In our submission, when it is in the nature of things, sacred sites may be, depending upon the state of the tide during a day, either covered or uncovered, that is, covered with water or not covered with water, being tidal waters, that enter or remain must purposely be read so as to include conduct involved by floating in a vessel over the top of the seabed while it is covered by water just as surely as it is involved in stepping onto the foreshore when it is not covered by the tidal waters.
KIEFEL J: Mr Walker, does the Sacred Sites Act not contain its own offence provisions?
MR WALKER: It does.
KIEFEL J: So they are duplicated then under the Aboriginal Land Rights Act?

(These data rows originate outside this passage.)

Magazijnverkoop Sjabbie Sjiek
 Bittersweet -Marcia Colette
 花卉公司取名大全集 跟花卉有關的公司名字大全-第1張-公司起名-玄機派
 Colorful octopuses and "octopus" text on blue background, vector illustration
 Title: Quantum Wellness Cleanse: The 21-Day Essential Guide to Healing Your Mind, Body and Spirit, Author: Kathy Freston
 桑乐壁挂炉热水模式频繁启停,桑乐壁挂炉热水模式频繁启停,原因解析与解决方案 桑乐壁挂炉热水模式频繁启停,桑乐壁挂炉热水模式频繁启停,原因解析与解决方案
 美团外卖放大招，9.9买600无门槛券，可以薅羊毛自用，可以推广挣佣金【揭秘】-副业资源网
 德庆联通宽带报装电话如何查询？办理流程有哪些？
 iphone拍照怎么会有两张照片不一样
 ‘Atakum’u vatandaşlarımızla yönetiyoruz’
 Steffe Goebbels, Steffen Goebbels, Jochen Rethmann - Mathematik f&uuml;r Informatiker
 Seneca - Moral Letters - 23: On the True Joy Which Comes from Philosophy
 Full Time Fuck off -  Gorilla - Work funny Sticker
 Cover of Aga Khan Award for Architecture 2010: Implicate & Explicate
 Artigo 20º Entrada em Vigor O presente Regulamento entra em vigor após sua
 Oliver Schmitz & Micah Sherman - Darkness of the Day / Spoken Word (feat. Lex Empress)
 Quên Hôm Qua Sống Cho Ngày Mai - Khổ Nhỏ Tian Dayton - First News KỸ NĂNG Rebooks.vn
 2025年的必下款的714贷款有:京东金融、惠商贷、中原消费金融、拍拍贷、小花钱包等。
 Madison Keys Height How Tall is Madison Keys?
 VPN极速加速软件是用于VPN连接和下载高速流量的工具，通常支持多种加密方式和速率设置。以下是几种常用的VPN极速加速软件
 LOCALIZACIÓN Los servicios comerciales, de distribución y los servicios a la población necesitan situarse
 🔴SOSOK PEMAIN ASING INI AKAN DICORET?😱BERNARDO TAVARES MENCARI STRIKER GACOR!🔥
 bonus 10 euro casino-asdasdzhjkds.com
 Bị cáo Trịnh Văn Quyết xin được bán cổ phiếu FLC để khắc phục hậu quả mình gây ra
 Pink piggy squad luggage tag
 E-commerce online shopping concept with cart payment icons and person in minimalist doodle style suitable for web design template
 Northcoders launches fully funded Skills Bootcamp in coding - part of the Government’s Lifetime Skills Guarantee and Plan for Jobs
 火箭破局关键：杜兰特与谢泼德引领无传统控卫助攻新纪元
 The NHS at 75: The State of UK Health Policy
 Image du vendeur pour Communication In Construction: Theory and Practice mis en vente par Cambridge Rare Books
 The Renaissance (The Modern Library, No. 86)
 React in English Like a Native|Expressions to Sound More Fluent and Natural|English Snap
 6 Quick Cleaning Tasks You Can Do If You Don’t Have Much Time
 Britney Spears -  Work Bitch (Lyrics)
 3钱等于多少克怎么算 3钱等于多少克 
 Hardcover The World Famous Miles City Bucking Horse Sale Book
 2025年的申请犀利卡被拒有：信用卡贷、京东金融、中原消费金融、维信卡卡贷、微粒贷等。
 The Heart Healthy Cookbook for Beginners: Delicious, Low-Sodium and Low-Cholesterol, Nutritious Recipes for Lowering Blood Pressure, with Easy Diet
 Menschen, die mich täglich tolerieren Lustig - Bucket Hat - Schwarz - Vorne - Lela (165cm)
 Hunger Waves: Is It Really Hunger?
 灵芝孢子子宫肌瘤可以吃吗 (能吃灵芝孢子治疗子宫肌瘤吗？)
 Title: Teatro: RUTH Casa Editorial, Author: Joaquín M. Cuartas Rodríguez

MR WALKER: Yes. Those are the ones that I just drew to attention. Sections 33, 34 and 35 are from the Northern Territory Act.
KIEFEL J: And they are in identical terms to section 69 ‑ ‑ ‑
MR WALKER: Yes. Your Honours will remember that there is that curious heading - I am at a loss entirely to explain the use of the word “reciprocal”, but in the various travaux and in some of the case law you will have picked up the epithet “complementary”. When I come to put my argument about section 74 and the closing words or proviso of section 73(1) of the Land Rights Act, I will complete what I want to say about the envisaged linking, matching or congruence of the Commonwealth legislation and the then prospective Northern Territory legislation.
KIEFEL J: Could you just remind me, under the Sacred Sites Act, is the identification of a site by way of declaration an identification on a map?
MR WALKER: That is one of the ways. There are different provisions which affect both proof of and to a degree liability to criminal sanction depending whether the sacred site has been, as it were, designated by formal record or whether it is simply a matter of fact to be proved ad hoc.
KIEFEL J: From recollection, a difficulty is that a sacred site is sometimes identified by reference to myth and it is sometimes rather nebulous.
MR WALKER: If by that your Honour in particular means it is difficult to ascribe metes and bounds to it, yes.
KIEFEL J: Yes, exactly.
MR WALKER: Yes, is the short answer, which will defeat in most cases an attempt to prosecute ‑ ‑ ‑
KIEFEL J: To describe it, yes.
MR WALKER: ‑ ‑ ‑ for entry or remaining. That is in the nature of things.
GLEESON CJ: Mr Walker, just before you leave Justice Selway, I notice that on page 326 in paragraph 89 he says, really, no question about public right to navigate arises in this case partly because there is no evidentiary foundation for the proposition of navigability. Some reference has been made in argument to public rights to navigate, but is it the case that we do not have to decide anything about public rights to navigate?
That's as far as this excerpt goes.